Diaz started by taking some audience questions.  He is such an engaging speaker!  First of all, he's very genuine.  If you go to a Diaz event, be ready for a lot of f-bombs...but he doesn't speak that way to get a rise out of you.  You can tell he's just being himself up there.  At one point, he said that at a past event, a woman came up to him furious about the language he had used.  And that made him think about the fact that "most of us spend our lives learning to wear masks...we all wear dozens at any one time."  But "it's hard to speak through masks...and this is as close as I come to being who the hell I am in front of 200 strangers."
Diaz took a lot of questions about the writing process, his inspiration, and how his cultural background influences his status as a bestselling author.  Here's a few quotes from the evening:

On writing about personal life events:
"I do my best work when I'm ice cold...I need 20 years distance from something before I can write it."
"I like to write consequences...the fire doesn't interest me--but how does the fire change you?"

On self-doubt regarding his writing career:
"The only certainty about art is doubt.  This is the greatest faith-based initiative on the earth...you need to keep your faith in a future you will never meet."
"If you want your audience to make your art, you are doomed.  When no one cares, that's when you can play."
"In a culture that wants you to dance, it takes courage to stand still."

On advice for aspiring writers:
"Writers hold out the dream that there's some shortcut to being successful...that's why there's thousands of books about it.  But they are message of consolation."
"The answer to 'how do I become X' is, you f***in' do it." (I loved this quote!)

While talking about This Is How You Lose Her:
"The pain suddenly stopped, and then I knew it was done." (It took him 16 years to complete it!)
"My definition of a full life is, do you put more love back into the world than what you take out?"

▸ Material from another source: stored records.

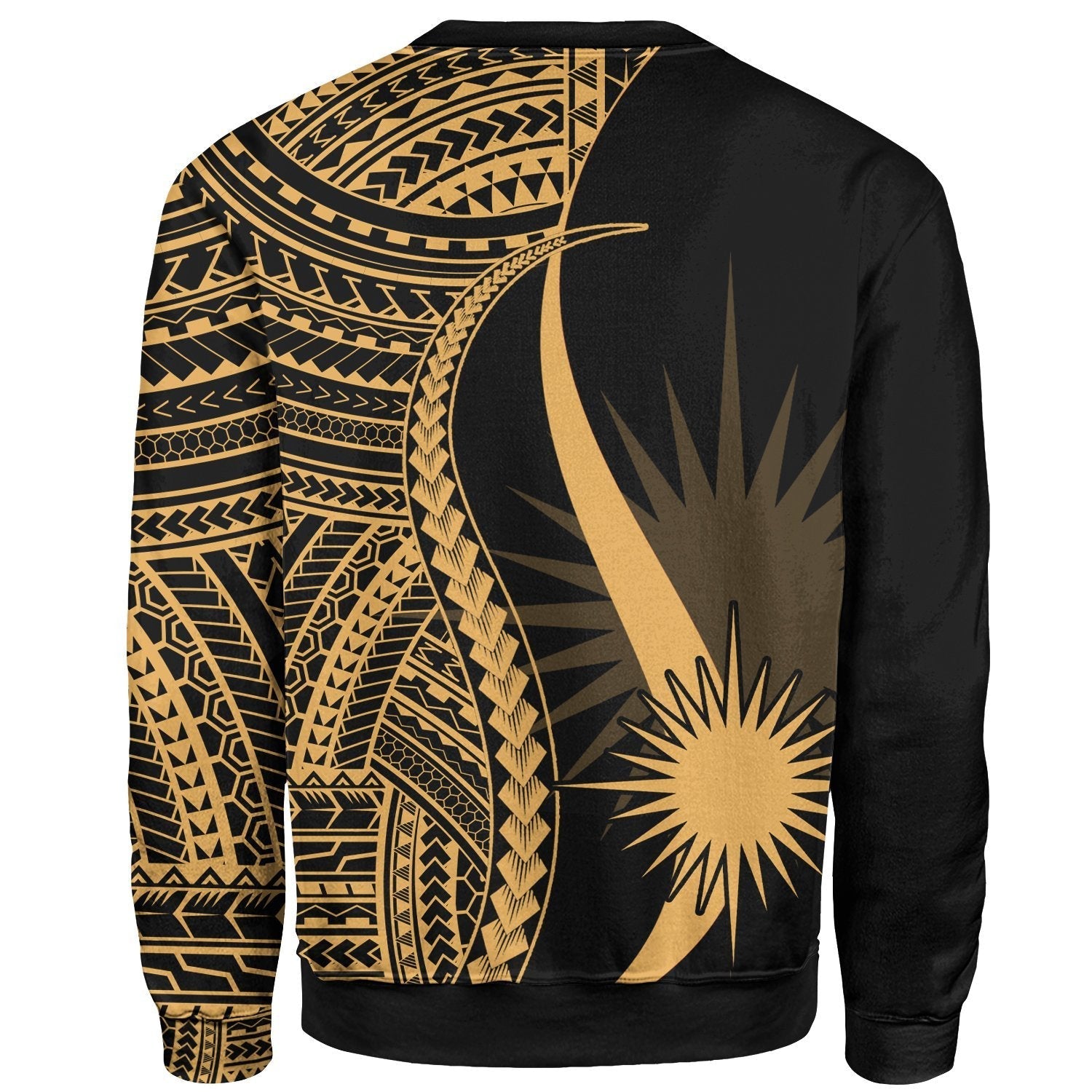 Marshall Islands Custom Personalised Sweatshirt - Gold Polynesian Tentacle Tribal Pattern - Vibe Hoodie Shop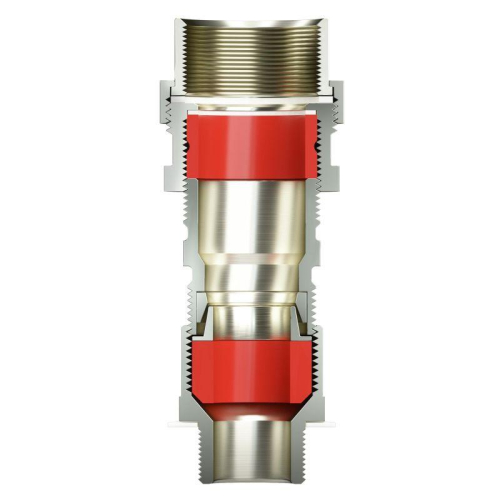 Ввод кабельный взрывозащ. серии КАС для бронир. кабеля М20х1.5 D5.8-12мм D9-17мм присоединительная резьба М25х1.5 IP66/68 никелир. латунь DKC KAC2M3MHK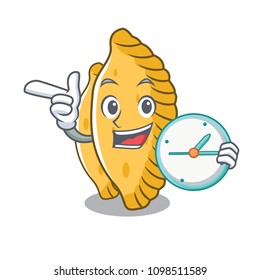 With clock pastel character cartoon style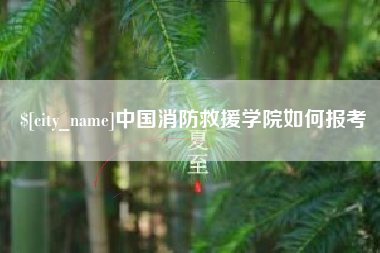 安丘中国消防救援学院如何报考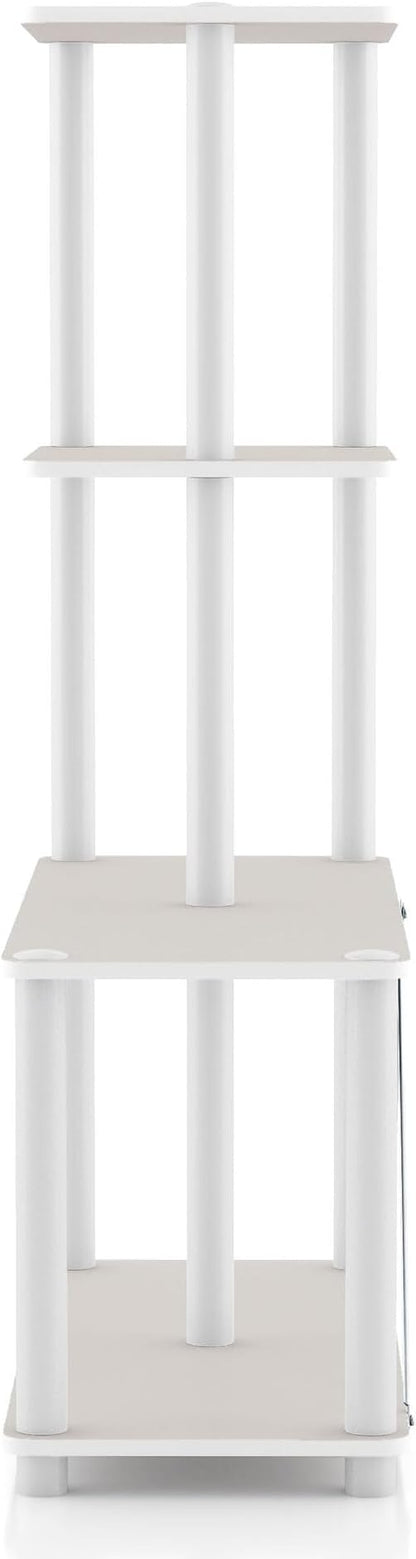 Homes: Inside + Out Apexa Modern 4-Cube Ladder Shelving Units, Collectibles Display Shelves, Easy Assembly Standing Shelf, Home Storage Organizer for Living Room, Bedroom, Office, Taupe Grey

After the Q+A, Diaz moved on to the reading.  He read the chapter entitled "Alma", from This Is How You Lose Her.  By the end, I wanted to pay him to come home and read me the rest of the book.  His narration of his writing is that spectacular.  It was a short chapter, but I (and the rest of the audience) spent most of it laughing.

 
Afterwards, he did a very informal book signing (essentially stood next to the stage while everyone with a book flooded him for signatures).  He had announced earlier that he was in a huge hurry and unfortunately had to leave quickly after the event; however, while he did sign the books fast, he was also extremely gracious, giving many of the attendees hugs and handshakes before they left.  I got my copy of Oscar Wao signed...woohoo!
 
Overall, fantastic evening!  I am even more eager to read Diaz's new book now, after hearing him speak. 
 
Has anyone else been to a Junot Diaz event lately?  I know he's been all over the place promoting this book.